Brief descriptive captions:
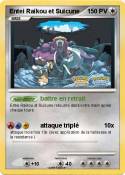 Entei Raikou et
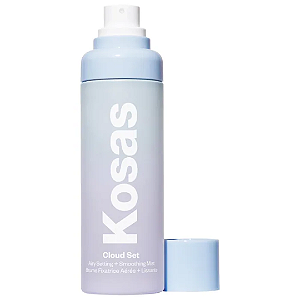 Spray Fixador Kosas Cloud Set Airy Setting Spray + Smoothing Mist 95ml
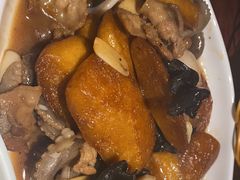 胶东炒八带-前海沿·青岛菜(五四广场永旺店)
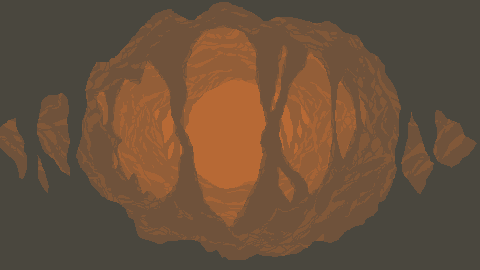dansinadjan's tweet photo. Testing this backdrop against some ground. 🪨 #pixelart https://t.co/uncNxPfuTZ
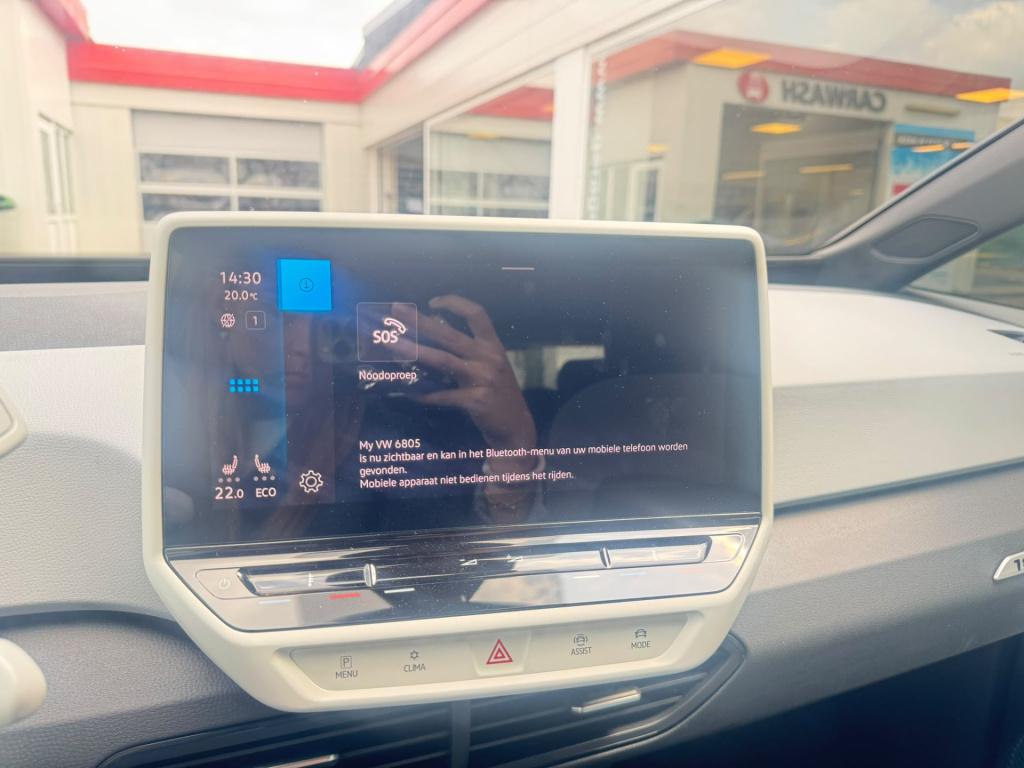 Volkswagen Id.3 first plus 58 kwh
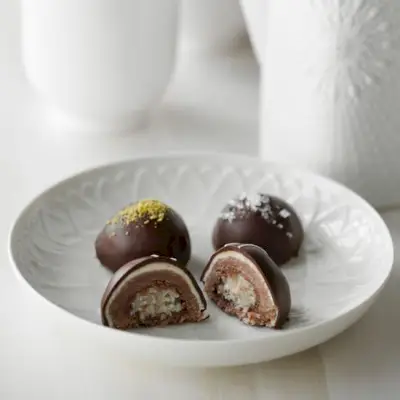 Biscuits aux bonbons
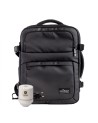Stivibags - Expandable Waterproof Cabin Backpack with Airmax II Vacuum Pump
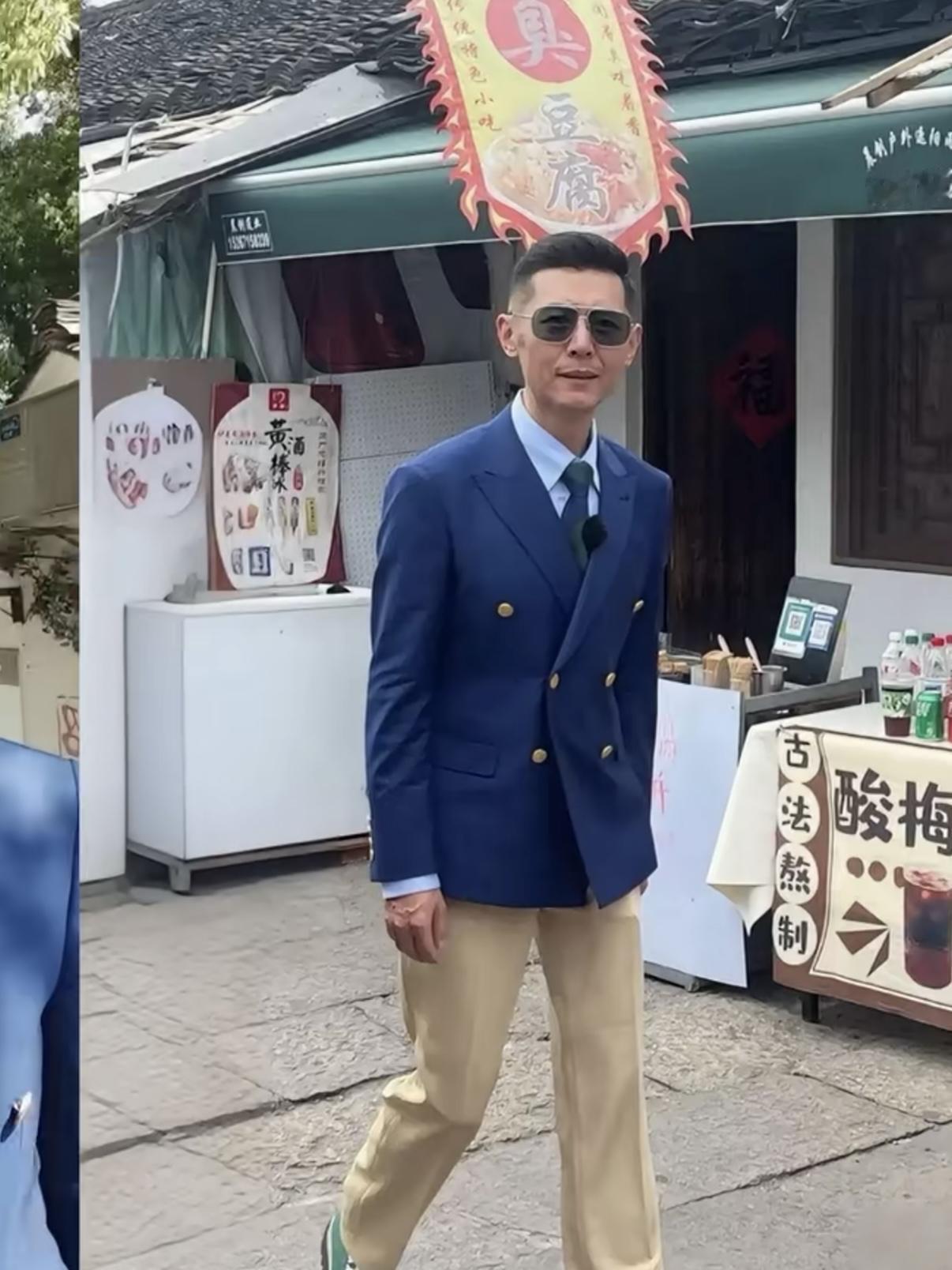大冰： 我不像你们想象的那样，跟个出家和尚似的，我也有自己的感情生活。对方是圈外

### Problem
Retype the records above exactly, starting at the line that contains "Volkswagen Id.3 first plus 58 kwh" and going through the last line, and leave out any pictures.

### Output of the exercise
 Volkswagen Id.3 first plus 58 kwh
 Biscuits aux bonbons
Stivibags - Expandable Waterproof Cabin Backpack with Airmax II Vacuum Pump
大冰： 我不像你们想象的那样，跟个出家和尚似的，我也有自己的感情生活。对方是圈外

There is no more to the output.